Thank you for the input Niko. I cant speak for Eheim's wet/dry filter design as I have never seen one. I believe the plastic is polystyrene. Your other choice would be polypropylene like the Rena filters but that wont last as long as polystyrene. Compared to other canister filters like Rena, Fluval and Marineland I felt the Eheim ProII was a better design and better built. Do I think they are worth the price? NO WAY! But either are the other similar filters. I did get 10 years out of my 2028 and I know what I need to replace to fix my issue. A 25 cent o-ring on the flow meter tube. I got a back-up on sale at FosterSmith and when my original finally dies I'll have an inexpensive replacement.

When we finally move into our new home (in the future) I'd like to PM you on your thoughts on proper filtration for my future 8 ft 300 gal. tank.


----------



## niko (Jan 28, 2004)

Newt, you have followed the threads on the DFWAPC forum concerning filtration. It's really simple, at least it appears so:

- *Optimal volume of the filter:* 10% of the tank volume.

- *Media:* Must not clog easily; Must allow flow without blocking it (should not be too fine); Lava Rock is best/cheapest. Do not use mechanical filtration - it clogs easily and in a balanced system as a planted tank it is not needed (no big chunks of waste floating around).

- *Flow rate:* Aim for 8-10x the tank volume per hour. Every single canister filter model on the market can be equipped with a much more powerful pump. But surely you can't hook up a powerful pump to a tiny canister. There is a formula to figure the pump that can be attached to certain size housing. Ask me if you need to.

- *Flow rate reduction:* The media should not clog easily. In case it does the pump needs to be able to "pull" water through the clogged media without reducing the flow rate until you clean the filter. That means one thing - you need a pressure rated pump (Iwaki, Pan World, Blue Line).

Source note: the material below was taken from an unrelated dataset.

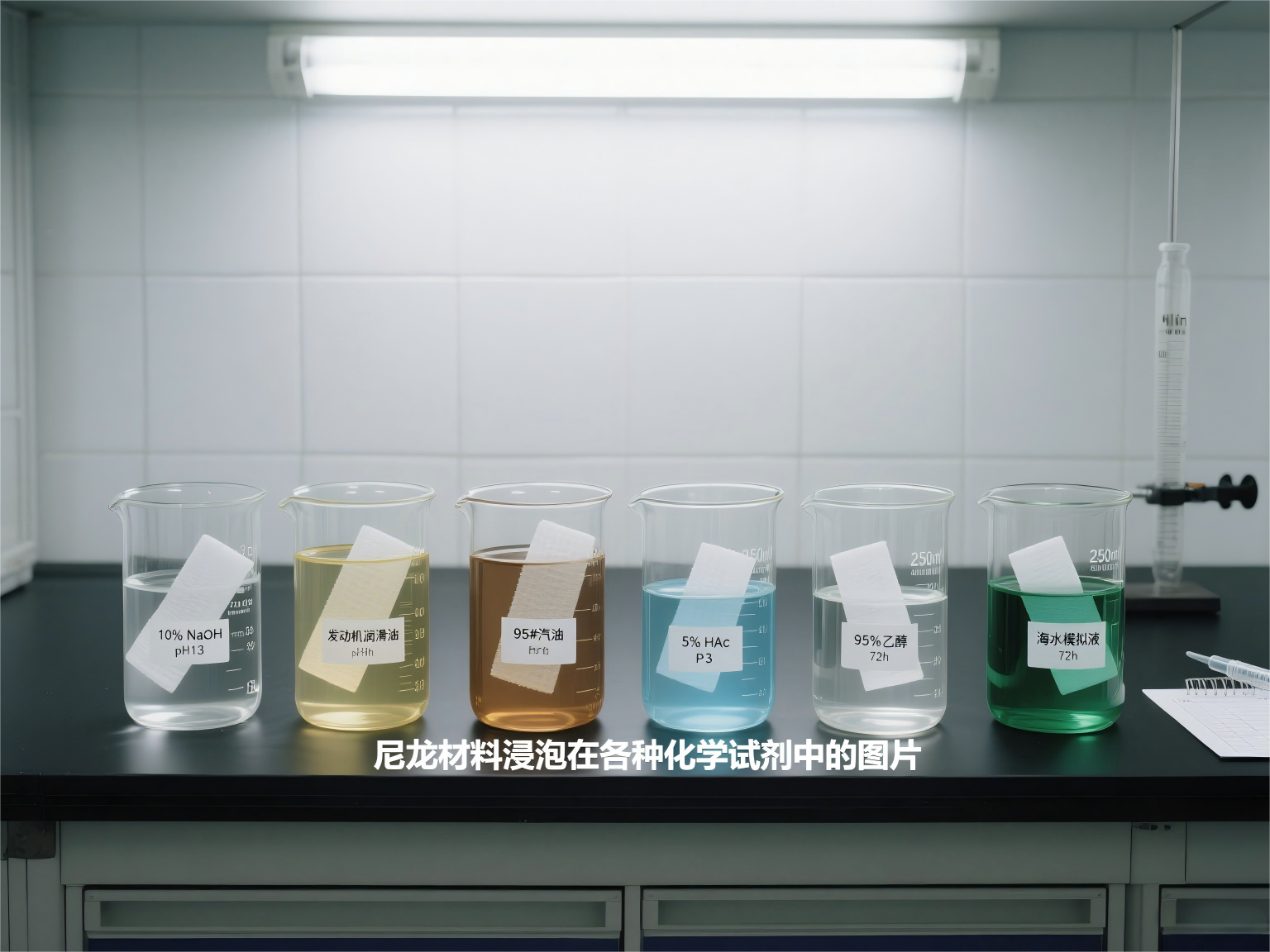 尼龙耐酸、耐碱、耐海水、耐油测试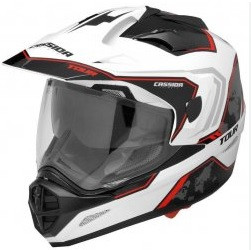 Obrázek produktu Enduro helma CASSIDA TOUR bílá/černá/červená  Vel: M Výprodej zboží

- *Flow pattern:* The water should move from the intake, through the tank, and into the intake. No additional means to stir the water, powerheads, pumps etc. shooting against or cutting across the main flow.

- *Placement of the intake/outtake:* Side by side. Intake is lower than the outtake. Intake is about 2-6 inches off the bottom (depending on tank size). Both pipes are near the front glass - this allows for a creation of a U-shaped water movement that involves all the water in the tank (not only the water in front).

- *Filter cleaning should be done as irregularly as possible:* The idea is to set everything up to where it cleans itself and never clogs.


----------



## Newt (Apr 1, 2004)

Niko,
Thanks for the synopsis. It was easier to follow than the thread which was broken up by post after post w/ interjections and side topics and alternative suggestions. But thats how its supposed to be on a forum.

One question>>>If you have a canister filter with its own motor/impellar do you disable it and run with the larger external pump? 
I know some of the large canister filters come w/o internal pumps/impellars.

I suppose when I finally get my 300 gal retirement tank I will use a 55 gal tank as a sump.


----------



## spypet (Jul 27, 2007)

what size are these filter media "lava rocks" ?

yeah - forums are a funny place.
one year so called "experts" swear by pumice,
then by sponges, the next year it's lava rocks,
it's hard to keep up.

since zeolites are the smallest lava rock form,
i figured it would help, but i do see your point
about not needing to host more critters than
your closes system can feed, and niko's point
that the smaller the media, the greater chance
the flow rate could get impeded. both reasons
don't explain why it's used in swimming pools,
not aquariums, but that's for another thread.


----------



## Newt (Apr 1, 2004)

Spypet,

The size and type of Lava rock people in Niko's filtration thread are talking about is Vigoro Red Lava. The size has been posted as 3/4" to 1" pieces.

Isnt zeolite the same thing as Ammo Chips? White 'carbon'


----------



## davemonkey (Mar 29, 2008)

Sorry if I'm hi-jacking, but I'm also in the market for a new filter for my 125. Suggestions?

If I go with one of those clear canisters and a pressure-rated pump like Niko posted, where do I get the parts to attach tubing to the pump/canister and where would I find the intake and output parts?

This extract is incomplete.